Purchasing a UTV “Let’s Make a Deal” on Your Side x Side
We all want to get a great price when we are ready to purchase. It is no different when you have decided to upgrade your current side x side or you are ready for your first side x side.
Here is the hard truth about the UTV field – some of the lowest price machines that you are interested in are strictly because of the price, and this can very easily be hiding a $2000-$4000 problem. If you purchase the side x side thinking you have just hit a home run and then find out you have to invest $2,000.00 because there was a hidden problem, your great deal probably went right out the window – what if it is a $4,000 problem and now you just bought a mistake.
If you have owned and operated a side x side for a while, it should help when you go to test drive the UTV for the feel and how the clutch responds and engages properly with no grinding into gear.
If you have never owned a side x side, it will be well worth it to have someone test drive it that has owned and operated a side x side before. There is nothing else like it and you won’t know right vs wrong.
Here is a personal story along the same line of purchasing the lowest price to save money. It was on my very first motorhome buy, and I was young (around 26 years old), only in business a couple of years so money was extremely tight. But, I had a craving to own my own motorhome. My dad had owned motorhomes for many years, and I had wanted one to be able to go camping, hunting, etc. with him on the trips.
When I was looking hard and heavy for a used motorhome, it was in the days of no internet – just newspapers and magazines. I had looked at two specific motorhomes – one a Dodge dreamer for $9,000.00 and another Ford for $14,000. The Dodge dreamer had a 440 engine with 90,000 miles and had sort of a weird smell when you got into it. The $5,000.00 higher price motorhome was absolutely gorgeous, had 23,000 miles with everything you would want in a motorhome, but it was out of my budget. So, I went back to looking harder at the Dodge dreamer and chose to take it to my auto shop for a good look over.
Red flags were everywhere. First, I had to jump-start the engine to get it running, and then it did not want to run all that well driving it over to the shop. The smell was still noticeable when entering the motorcoach. How about those 90,000 miles and the large trailer hitch on the back, which I later found out it had hauled a horse trailer and horses with this motor home all over the country?
I still made the deal and bought it. I was just so excited to own my first motorhome… dreaming of the Dodge dreamer which soon became the dreaming nightmare!
Immediately after getting it running, I realized the engine had a miss in it that was not going away. I decided to perform an engine compression test. One cylinder had no compression, so, before even driving it, I had to remove the heads and have them rebuilt – no cheap thing even back then.
With the engine work taking a month or so to get complete, the weather started to get warm. The warmer it became, the smell inside the coach was so bad you could not stand being in there without the door wide open, or you would want to puke. After doing a complete cleaning, including carpet and all the walls inside, the smell was still overwhelming.

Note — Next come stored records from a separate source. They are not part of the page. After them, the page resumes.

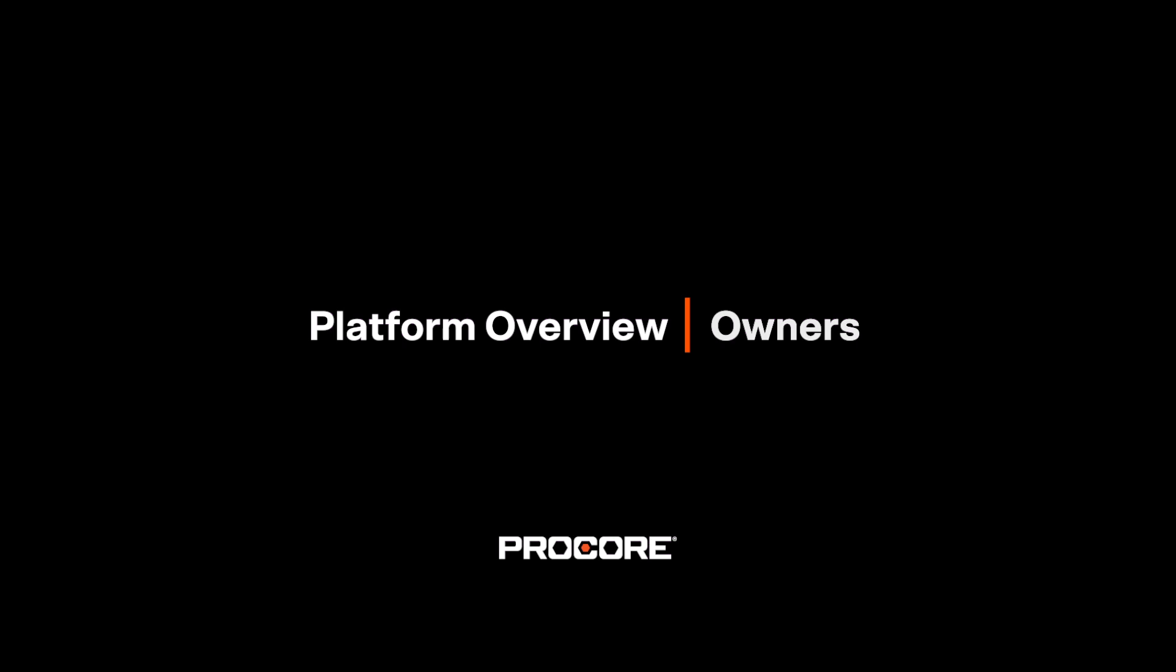Today, we're going to walk through the complete Procore platform and how it can help owners like you mitigate risk, standardize projects, and have visibility and control over your project data.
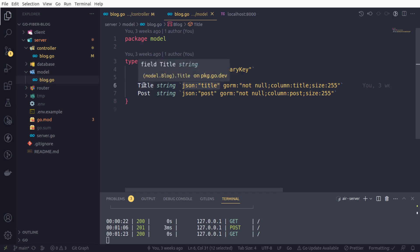So here we are telling that in our struct, field name is the title with the capital T so that we can modify it from outside of this package. But in the JSON, but whenever we talk in terms of JSON, the corresponding JSON field would be the title.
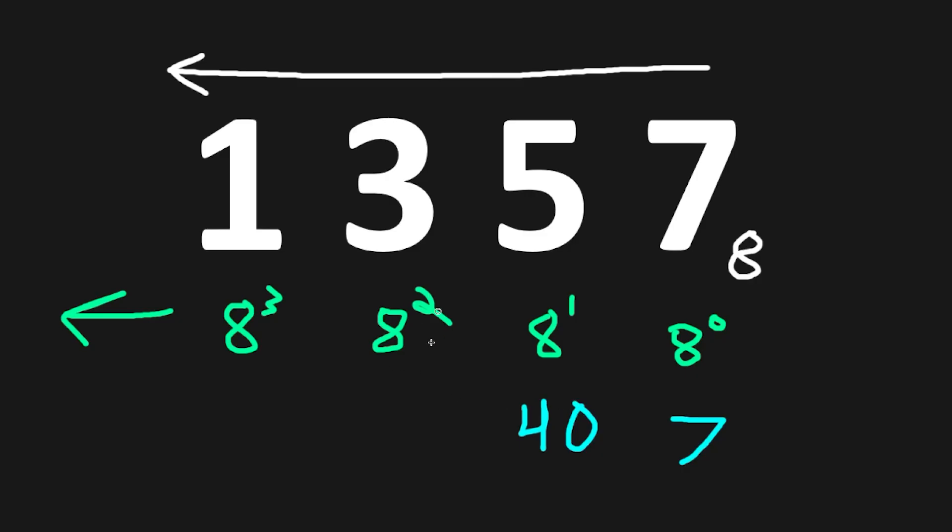8 to the power of 2 is 64. 3 times 64, that is 192. 8 to the power of 3 is 512.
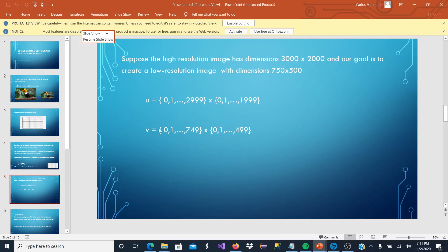Now, for the V, if we want to start from the domain, it would be from 0 to 749 by 0 to 499.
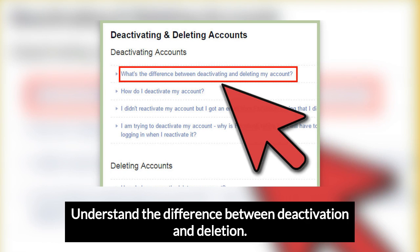Deactivating your account makes your timeline invisible to others but keeps its information saved — including photos, friends, interests, etc. People can still invite you to events and tag you in posts when your account is deactivated, though you won't necessarily be made aware of this. Deactivation is effective immediately, as is reactivation. A deactivated account will stay deactivated indefinitely until you reactivate it, but will never be deleted without your approval.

I had to fix the smell. So, I pulled up some of the carpets to get a good look and sure enough all the padding under the carpet was wet and maybe moldy. Out came all the carpet and I hired a guy to install new carpet throughout – another pretty good expense.
The time had come to start traveling in the motorhome – let’s take it to Disneyland! We did not make it to Lehi before the engine developed a knock and I had to tow it back to Salt Lake, and we hopped in the Chrysler and headed to California.
Now a complete engine rebuild and if you have never seen the engine come out of an old Dodge motorhome, it is no easy task, mind you. I had an auto shop so all the labor is just me after hours getting all this fixed.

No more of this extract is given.